A case study of 20PiB Ceph cluster with 100GB/s throughput

March 15, 2021 14 min read

Recently we deployed a Ceph cluster that might be one of the more powerful in Russia in terms of both throughput and storage capacity. I'd like to discuss nuts and bolts of that system in this post.

Ceph is among the most popular distributed storage systems for private clouds that seamlessly integrates with Kubernetes/OpenShift and OpenStack virtualization systems as a storage backend.

Ceph can be accessed through multiple interfaces, including:

object storage interface, called Rados Gateway (RGW), that supports Amazon S3 and OpenStack Swift protocols
block storage interface, called Rados Block Device (RBD), that can serve as OpenStack Cinder drop-in replacement or a generic SAN solution
filesystem interface, called CephFS, available through native CephFS Linux kernel drivers, NFS, FUSE or Samba gateway

2 primary backends are available in Ceph for providing data redundancy:

replication pools (the default option, upon which every piece of data is basically stored in 3 copies, distributed over the cluster for fault tolerance)
erasure-code pools (the cost-efficient option which splits each piece of data into k data chunks and m parity chunks, calculated using Reed-Solomon codes, and distributes them over the cluster in a fault-tolerant way)

The hierarchy of possible failure domains is modeled by a CRUSH algorithm.

Here I’ll describe the design of an installation that achieves almost 100GB/s throughput and 20PiB storage capacity.

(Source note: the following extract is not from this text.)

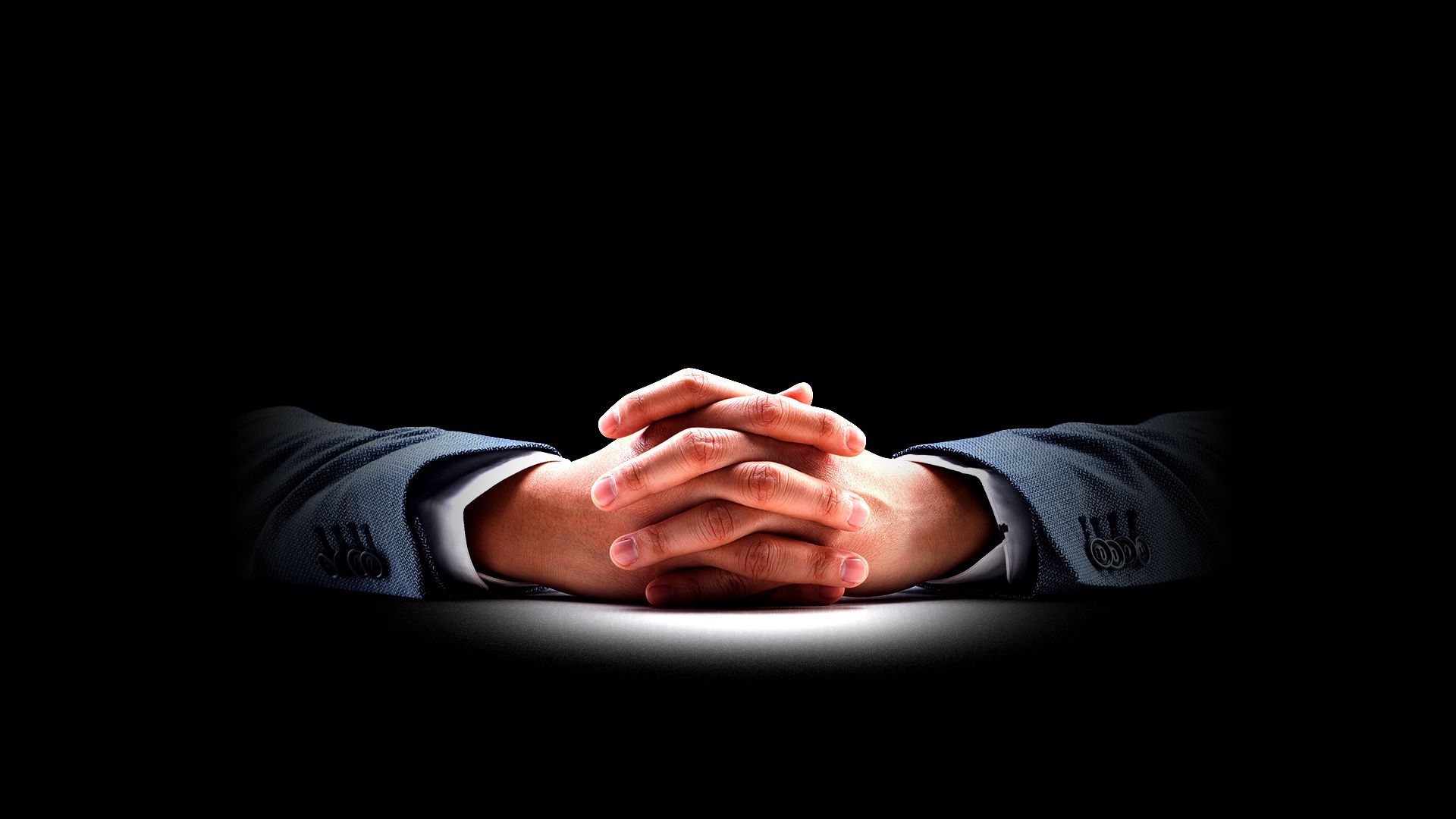 Illustration of a pair of hands coming out from the shadows. 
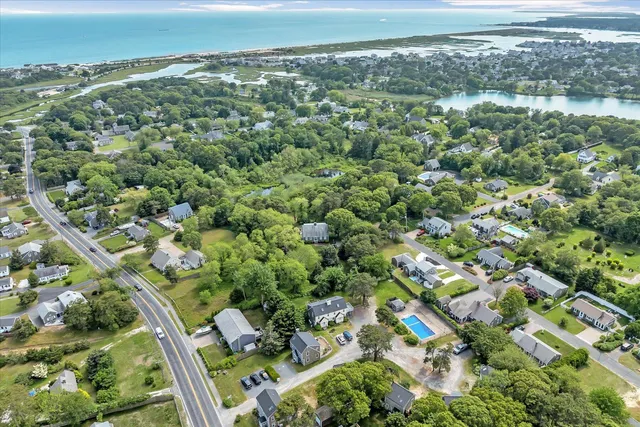 an aerial view of residential houses with outdoor space and trees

A schematic design of Ceph cluster. 10 racks, 40 OSD servers, 5 MON servers, 40 disk enclosures, 4 leaf and 2 spine switches.

Technical requirements

Technical requirements for the storage system were as follows:

filesystem abstraction was highly desirable, so that our storage could be mounted directly from the hosts and accessed as a local filesystem
latency was not an issue, so supercomputing solutions like GPFS were not really necessary
throughput - around 100 GB/s: we had to build a system able to exchange ~5 Petabytes of data a day, being accessed by hundreds of compute nodes
storage capacity of at least 20PiB was required
usable/raw space ratio was important; by no means was this installation cheap, but we didn’t want it to get more costly than it had to be
Kubernetes integration that allowed to create volumes within our filesystem was a huge perk
fault tolerance to a simultaneous crash of several hard drives or several hosts was a must; electrical problems within a rack, or a room were a second-thought

Hardware

All the servers used in our setup were Dell R740xd rack server chassis with their nice iDRAC interfaces and convenient Dell OpenManage utility.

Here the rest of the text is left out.